- Exercise requirements:
Would you retype exactly the lines from the one containing "Pre Owned Louis" through the last line of the records below, and nothing else?

-------- Provided material --------

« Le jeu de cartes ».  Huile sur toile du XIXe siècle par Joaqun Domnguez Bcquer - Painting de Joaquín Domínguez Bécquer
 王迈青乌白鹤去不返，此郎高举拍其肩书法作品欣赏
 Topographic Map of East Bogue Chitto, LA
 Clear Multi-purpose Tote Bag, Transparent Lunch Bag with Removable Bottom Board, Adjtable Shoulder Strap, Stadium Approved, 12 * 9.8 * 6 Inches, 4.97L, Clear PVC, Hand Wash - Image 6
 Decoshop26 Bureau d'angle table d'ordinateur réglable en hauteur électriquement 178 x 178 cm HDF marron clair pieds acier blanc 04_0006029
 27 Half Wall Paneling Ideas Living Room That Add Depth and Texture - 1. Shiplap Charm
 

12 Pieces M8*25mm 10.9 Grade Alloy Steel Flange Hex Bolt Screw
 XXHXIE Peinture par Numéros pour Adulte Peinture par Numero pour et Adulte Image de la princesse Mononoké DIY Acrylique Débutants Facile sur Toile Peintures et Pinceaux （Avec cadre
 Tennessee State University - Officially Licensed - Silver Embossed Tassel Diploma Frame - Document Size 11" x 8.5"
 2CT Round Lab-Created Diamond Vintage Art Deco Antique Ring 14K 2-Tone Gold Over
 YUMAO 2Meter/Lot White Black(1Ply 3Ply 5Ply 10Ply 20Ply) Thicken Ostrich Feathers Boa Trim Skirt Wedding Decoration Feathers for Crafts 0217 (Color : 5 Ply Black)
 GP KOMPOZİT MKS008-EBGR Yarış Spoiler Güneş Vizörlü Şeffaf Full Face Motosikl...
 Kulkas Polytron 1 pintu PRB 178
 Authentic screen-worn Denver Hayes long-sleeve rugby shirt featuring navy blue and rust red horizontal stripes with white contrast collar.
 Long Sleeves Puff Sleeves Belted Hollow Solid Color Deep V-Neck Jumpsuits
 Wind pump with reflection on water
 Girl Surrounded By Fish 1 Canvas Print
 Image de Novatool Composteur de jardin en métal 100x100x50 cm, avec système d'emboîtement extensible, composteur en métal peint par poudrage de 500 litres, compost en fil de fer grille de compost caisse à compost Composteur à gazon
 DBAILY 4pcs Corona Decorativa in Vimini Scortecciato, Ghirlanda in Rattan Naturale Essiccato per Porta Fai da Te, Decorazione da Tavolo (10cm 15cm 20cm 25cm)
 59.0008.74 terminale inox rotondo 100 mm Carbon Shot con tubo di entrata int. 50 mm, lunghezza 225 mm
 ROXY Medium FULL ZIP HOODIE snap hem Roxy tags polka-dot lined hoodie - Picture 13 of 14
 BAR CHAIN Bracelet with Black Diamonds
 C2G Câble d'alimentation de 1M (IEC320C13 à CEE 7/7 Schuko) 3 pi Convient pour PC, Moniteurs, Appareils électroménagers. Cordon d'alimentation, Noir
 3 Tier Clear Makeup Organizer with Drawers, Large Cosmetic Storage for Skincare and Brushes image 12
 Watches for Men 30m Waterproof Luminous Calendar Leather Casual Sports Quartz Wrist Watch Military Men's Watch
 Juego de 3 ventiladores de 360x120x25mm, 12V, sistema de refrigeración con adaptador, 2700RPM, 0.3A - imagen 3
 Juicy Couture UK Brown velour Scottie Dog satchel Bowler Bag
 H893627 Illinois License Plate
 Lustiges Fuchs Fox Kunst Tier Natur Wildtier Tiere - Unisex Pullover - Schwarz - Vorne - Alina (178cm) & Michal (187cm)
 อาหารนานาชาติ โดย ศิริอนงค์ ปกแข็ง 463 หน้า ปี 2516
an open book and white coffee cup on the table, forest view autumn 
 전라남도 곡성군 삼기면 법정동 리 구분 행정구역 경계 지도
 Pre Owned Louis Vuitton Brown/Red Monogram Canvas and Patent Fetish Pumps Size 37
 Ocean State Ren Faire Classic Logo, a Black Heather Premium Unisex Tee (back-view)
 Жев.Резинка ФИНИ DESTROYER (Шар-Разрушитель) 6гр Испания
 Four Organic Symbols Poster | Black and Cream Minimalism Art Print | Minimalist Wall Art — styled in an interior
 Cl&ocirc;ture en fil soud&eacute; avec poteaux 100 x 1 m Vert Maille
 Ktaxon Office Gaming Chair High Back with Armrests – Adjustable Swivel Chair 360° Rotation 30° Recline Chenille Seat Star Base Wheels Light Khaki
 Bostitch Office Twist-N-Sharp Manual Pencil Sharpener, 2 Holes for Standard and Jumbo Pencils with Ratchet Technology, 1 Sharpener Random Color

--------

- Finished exercise:
 Pre Owned Louis Vuitton Brown/Red Monogram Canvas and Patent Fetish Pumps Size 37
 Ocean State Ren Faire Classic Logo, a Black Heather Premium Unisex Tee (back-view)
 Жев.Резинка ФИНИ DESTROYER (Шар-Разрушитель) 6гр Испания
 Four Organic Symbols Poster | Black and Cream Minimalism Art Print | Minimalist Wall Art — styled in an interior
 Cl&ocirc;ture en fil soud&eacute; avec poteaux 100 x 1 m Vert Maille
 Ktaxon Office Gaming Chair High Back with Armrests – Adjustable Swivel Chair 360° Rotation 30° Recline Chenille Seat Star Base Wheels Light Khaki
 Bostitch Office Twist-N-Sharp Manual Pencil Sharpener, 2 Holes for Standard and Jumbo Pencils with Ratchet Technology, 1 Sharpener Random Color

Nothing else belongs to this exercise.